13 Commonly Used Fish Idioms – Part 2
1. To have the memory of a goldfish
Figurative meaning: To have a very poor memory; to forget quickly.
Literal meaning: This phrase alludes to the idea that goldfish have very short memories.
Example: “He’s always forgetting my birthday. I swear he has the memory of a goldfish!”
Other forms: To have a goldfish’s memory
2. A red herring
Figurative meaning: A piece of information or suggestion introduced into an argument in order to draw attention away from the real facts of the situation.
Literal meaning: A red herring is a kind of fish that smells very strong when smoked and was once used to mislead hunting dogs and put them off the scent by dragging it across the trail.
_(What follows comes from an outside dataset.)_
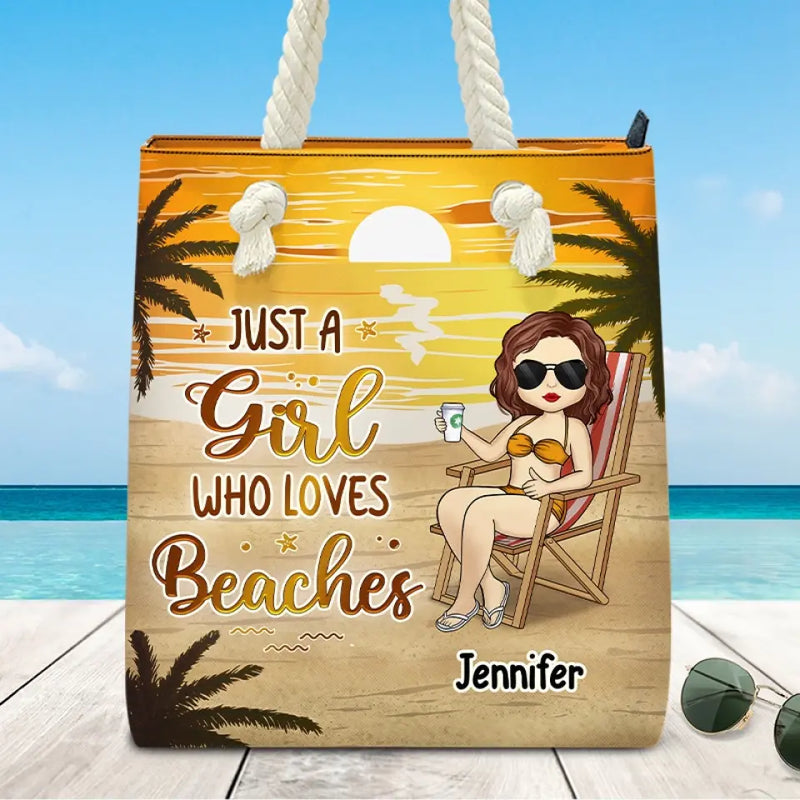 Live In The Sunshine, Swim In The Sea - Bestie Personalized Custom Beach Bag - Summer Vacation Gift For Best Friends, BFF, Sisters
Example: “The police were following a red herring, but now they’re on the right track.
3. A small fry
Figurative meaning: Unimportant people.
Literal meaning: A small fry is a newly hatched fish. So, in terms of fishing catching small fry is unimportant, when you’re actually after the big fish.
Example: “The police thing arresting drug addicts is small fry. They’re chasing the large-scale drug dealers!”
4. A big fish
Figurative meaning: A boss or a leader (often related to criminal organisations).
Literal meaning: This phrase alludes to the idea that large fish are in charge and boss smaller fish around, i.e. sharks.
Example: “The police weren’t interested in arresting small fry drug addicts, and instead wanted to catch the big fish drug dealers.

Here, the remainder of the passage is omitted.